**Supplied material:**
▬▬▬

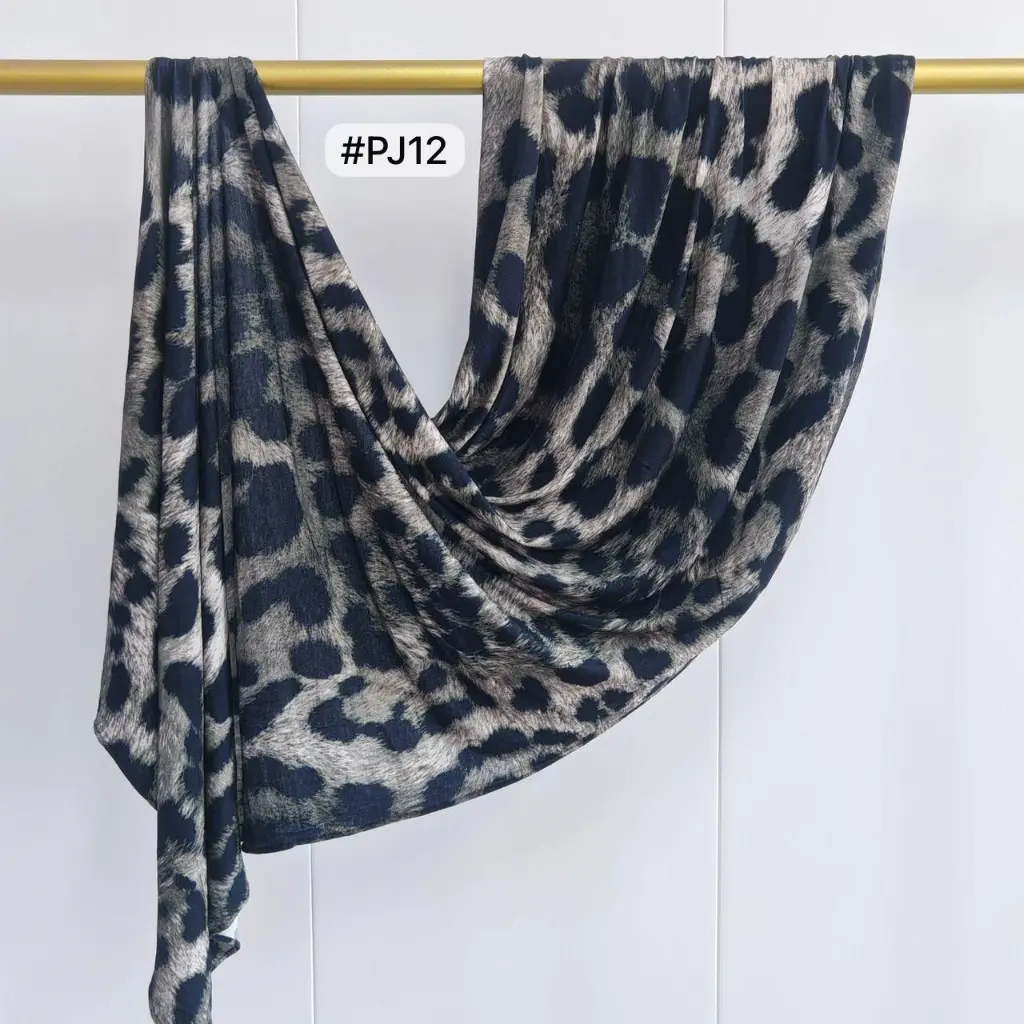 [PJ12] PJ12 - Printed Premium Jersey Cotton - Midnight Leopard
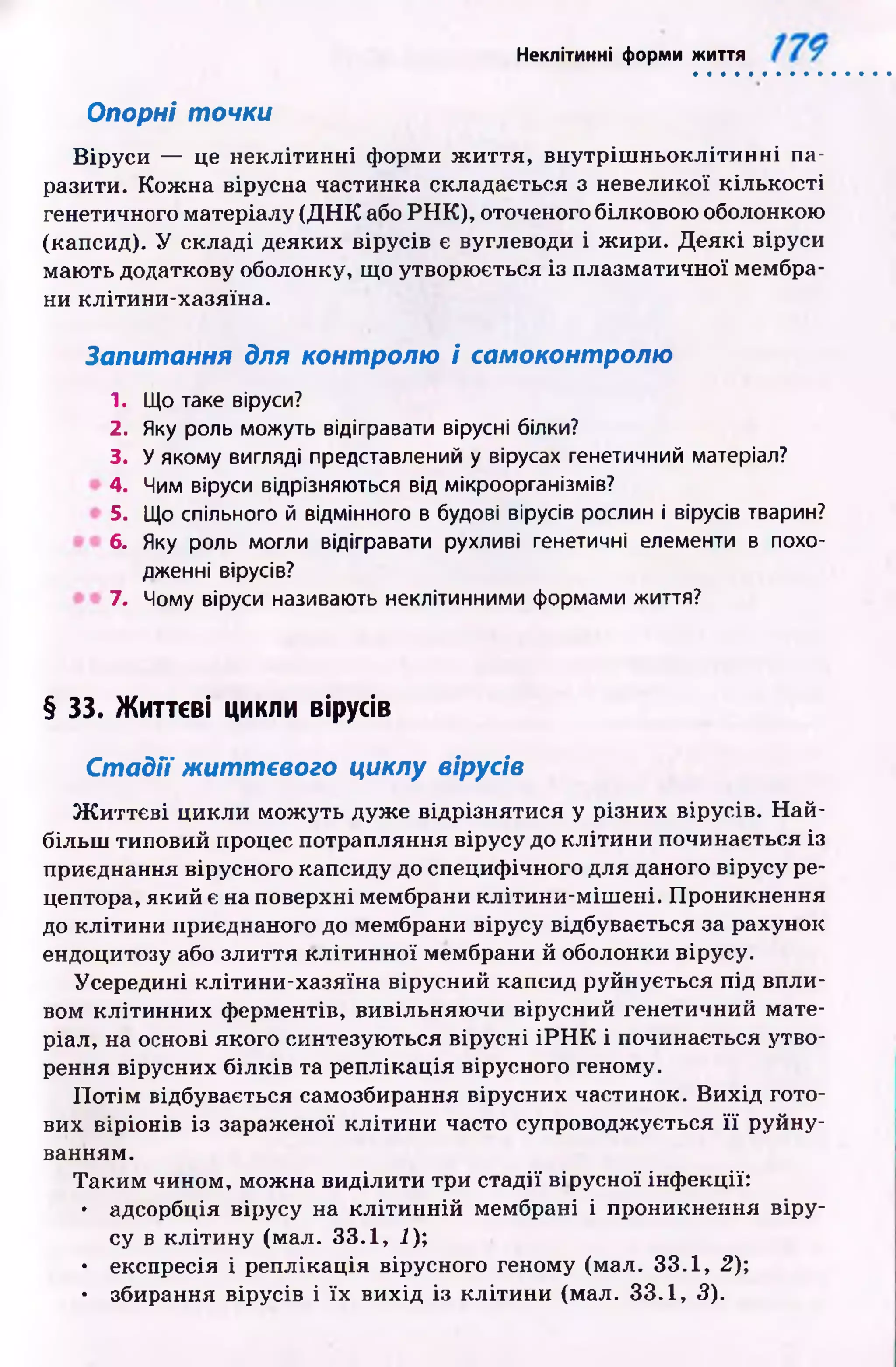 Опорні точки
Неклітинні форми життя
В іруси — це неклітинн і форми ж и ття , вн утр іш н ьокліти н н і па­
разити. Кож на вірусна частинка складається з невеликої кількості
генетичного матеріалу (Д Н К або РИ К ), оточеного білковою оболонкою
(капсид). У складі деяких вірусів є вуглеводи і ж ири. Д е я кі віруси
маю ть додаткову оболонку, що утворю ється із плазматичної мембра­
ни клітини-хазяїна.
Запитання для контролю і самоконтролю
1. Що таке віруси?
2. Яку роль можуть відігравати вірусні білки?
3. У якому вигляді представлений у вірусах генетичний матеріал?
4. Чим віруси відрізняються від мікроорганізмів?
5. Що спільного й відмінного в будові вірусів рослин і вірусів тварин?
6. Яку роль могли відігравати рухливі генетичні елементи в похо­
дженні вірусів?
7. Чому віруси називають неклітинними формами життя?
§ 33. Життєві цикли вірусів
С та д ії ж и ттєв о го циклу вірусів
Ж и ттєв і цикли мож уть дуже відрізнятися у різних вірусів. Н ай­
більш типовий процес потрапляння вірусу до кліти н и починається із
приєднання вірусного капсиду до специфічного для даного вірусу ре­
цептора, який є на поверхні мембрани клітини-м іш ені. Проникнення
до кліти н и приєднаного до мембрани вірусу відбувається за рахунок
ендоцитозу або злиття к л іти н н ої мембрани й оболонки вірусу.
Усередині клітини-хазяїна вірусний капсид руйнується під впли­
вом кліти нн их ферментів, вивільняю чи вірусний генетичний мате­
ріал, на основі якого синтезуються вірусні ІР Н К і починається утво­
рення вірусних білків та реплікація вірусного геному.
П о тім відбувається самозбирання вірусних частинок. В и хід гото­
вих віріонів із зараженої к л іти н и часто супроводжується її руйну­
ванням.
Таки м чином, мож на виділити три стадії вірусної інф екції:
• адсорбція вірусу на к л іти н н ій мембрані і проникнення віру­
су в кл іти н у (мал. 33.1, 1);
• експресія і реплікація вірусного геному (мал. 33.1, 2);
• збирання вірусів і їх вихід із кліти ни (мал. 33.1, 3).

▬▬▬

Precisely the lines between those holding "разити. Кож на" and "рення вірусних білків", inclusive, are to be reproduced from the listing above, with nothing added.

разити. Кож на вірусна частинка складається з невеликої кількості
генетичного матеріалу (Д Н К або РИ К ), оточеного білковою оболонкою
(капсид). У складі деяких вірусів є вуглеводи і ж ири. Д е я кі віруси
маю ть додаткову оболонку, що утворю ється із плазматичної мембра­
ни клітини-хазяїна.
Запитання для контролю і самоконтролю
1. Що таке віруси?
2. Яку роль можуть відігравати вірусні білки?
3. У якому вигляді представлений у вірусах генетичний матеріал?
4. Чим віруси відрізняються від мікроорганізмів?
5. Що спільного й відмінного в будові вірусів рослин і вірусів тварин?
6. Яку роль могли відігравати рухливі генетичні елементи в похо­
дженні вірусів?
7. Чому віруси називають неклітинними формами життя?
§ 33. Життєві цикли вірусів
С та д ії ж и ттєв о го циклу вірусів
Ж и ттєв і цикли мож уть дуже відрізнятися у різних вірусів. Н ай­
більш типовий процес потрапляння вірусу до кліти н и починається із
приєднання вірусного капсиду до специфічного для даного вірусу ре­
цептора, який є на поверхні мембрани клітини-м іш ені. Проникнення
до кліти н и приєднаного до мембрани вірусу відбувається за рахунок
ендоцитозу або злиття к л іти н н ої мембрани й оболонки вірусу.
Усередині клітини-хазяїна вірусний капсид руйнується під впли­
вом кліти нн их ферментів, вивільняю чи вірусний генетичний мате­
ріал, на основі якого синтезуються вірусні ІР Н К і починається утво­
рення вірусних білків та реплікація вірусного геному.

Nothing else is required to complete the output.